Employers hoping for a pool of docile, cheap labour often faced protests over their poor treatment of these workers. In 1895, a large group of Italian labourers on the Toronto, Hamilton and Buffalo Railway threw down their picks and shovels, hoisted a red handkerchief on a pole and marched down the track demanding higher wages. Sicilian workers at Stelco’s Queen Street Rolling Mills staged a successful strike in 1910. It caused the most serious disruption in the company’s production in the entire half century before the 1946 steel strike.

The church was important to these Italian immigrants. In 1908, Reverend Giovanni Bonomi began to hold services in the chapel adjoining St.
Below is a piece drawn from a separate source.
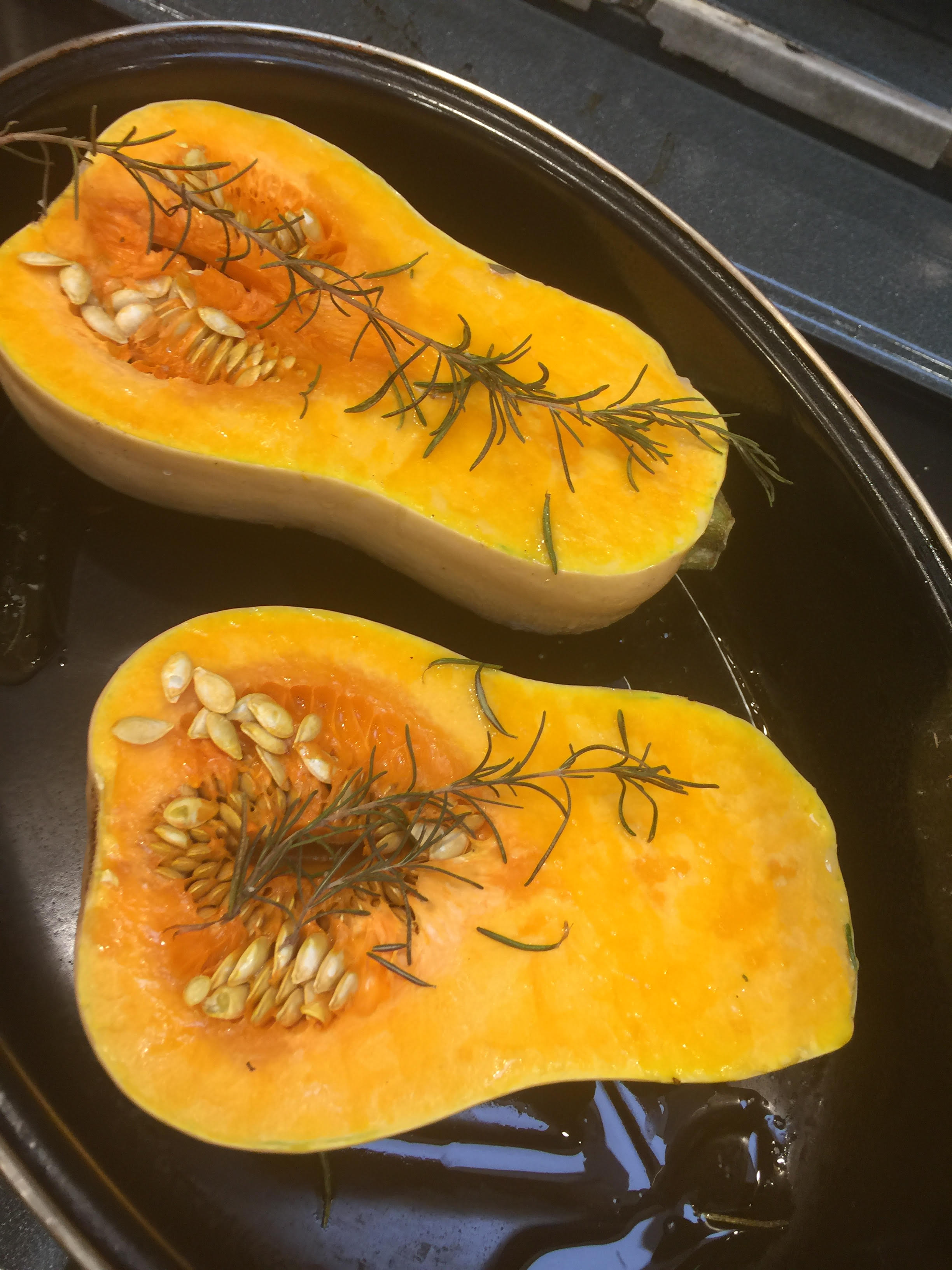 butternut-squash-roasting-with-rosemary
Mary’s Cathedral, at the southeast corner of Park and Sheaffe Streets. All Soul’s Church, located at 21 Barton Street West, became the permanent parish of the area’s Italian Catholic population in 1923.

Many new immigrants joined the Societa Mutuo Soccorso Recalmutese. This mutual benefit society was founded in 1918 to offer newcomers from that area sickness and life insurance. Its activities soon expanded to include theatrical productions and leisure activities. It also organized the three-day feast of the Madonna del Monte, which began on July 24th each year.

Today, members of the Circolo Fratellanza Hall still come here to socialize or play bocce. They have revived the celebration of the feast of Madonna del Monte, which attracts hundreds of people from the Racalmutese community. In 1987, Hamilton was twinned with Racalmuto. It is estimated that 23,000 Hamiltonians can trace their roots back to this Sicilian town.